INPUT DATA:
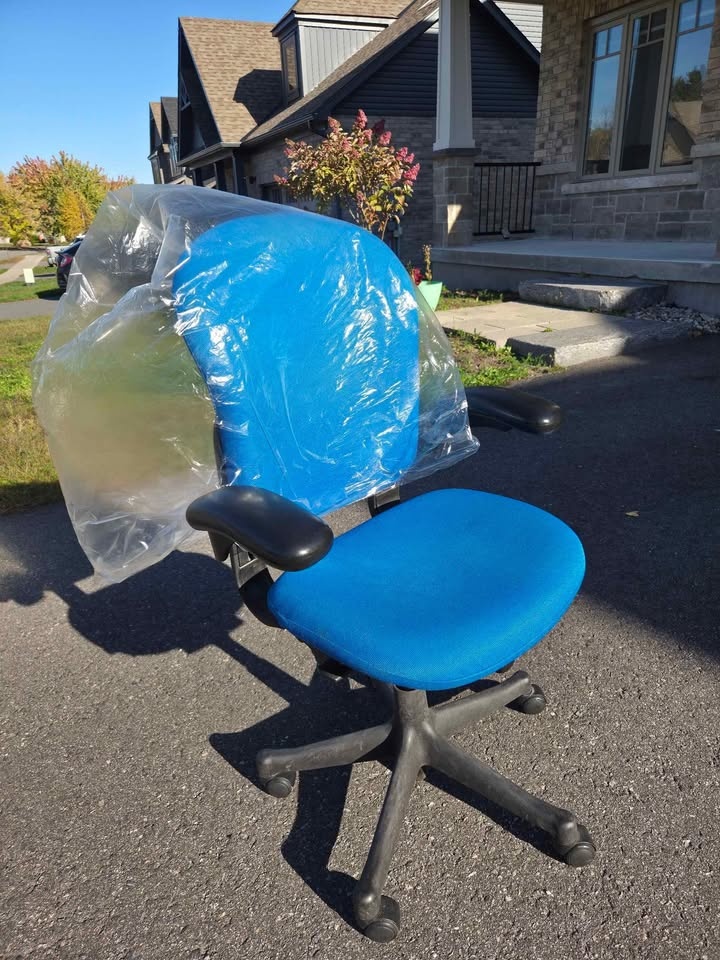 Adjustable Office chairs with Arm Rest - photo 4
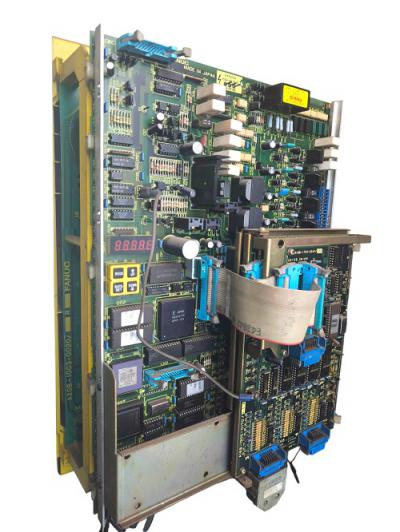 A06B-6063-H208#H510 - AC DIGITAL SPINDLE DRIVE MDL 8S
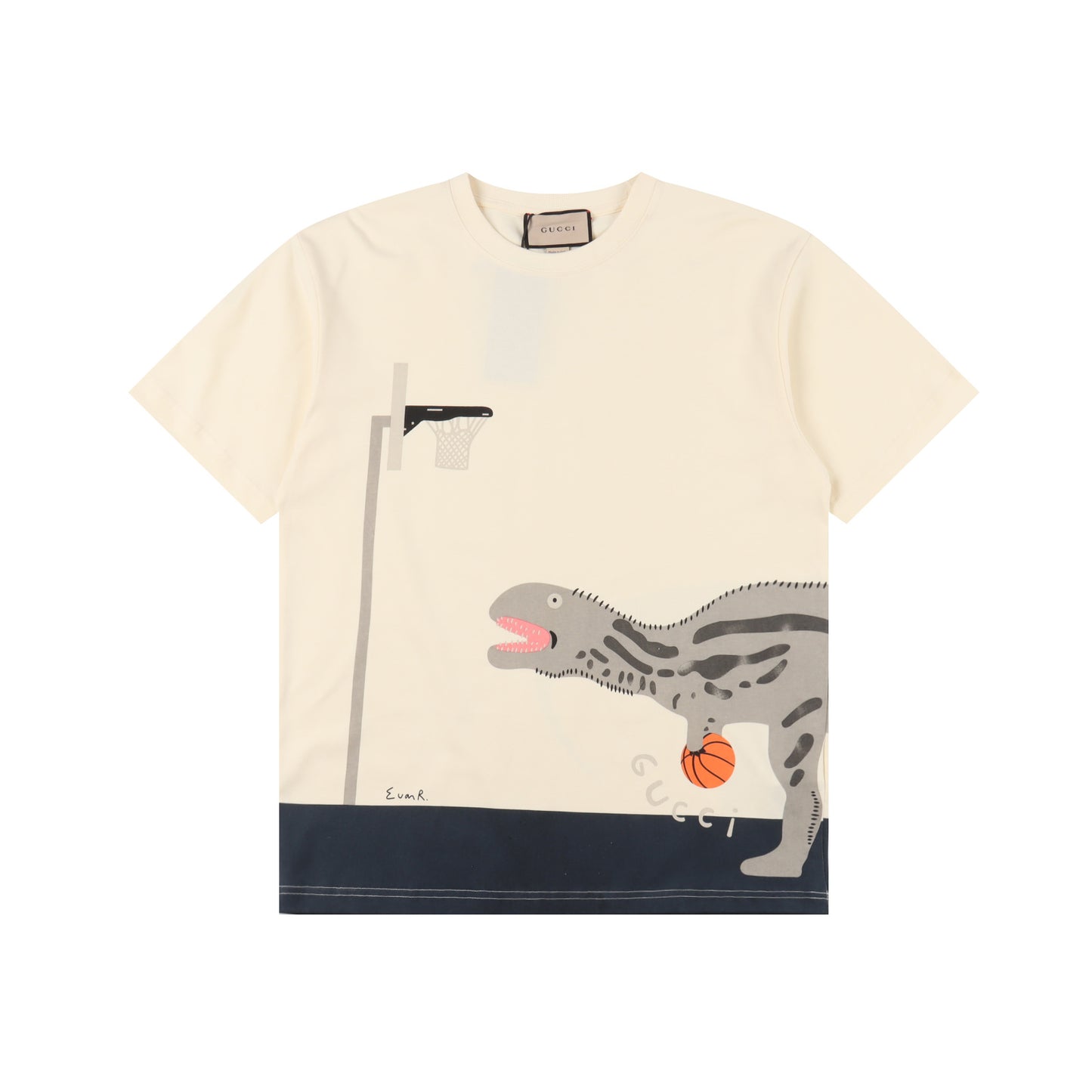 GUCCI T-SHIRT - SUPER CLONE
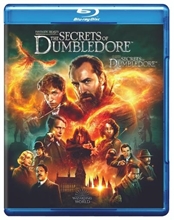 Picture of Fantastic Beasts: The Secrets of Dumbledore [Blu-ray]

WORK TO COMPLETE:
Give back the material word for word, without images.

TASK SOLUTION:
 Adjustable Office chairs with Arm Rest - photo 4
 A06B-6063-H208#H510 - AC DIGITAL SPINDLE DRIVE MDL 8S
 GUCCI T-SHIRT - SUPER CLONE
 Picture of Fantastic Beasts: The Secrets of Dumbledore [Blu-ray]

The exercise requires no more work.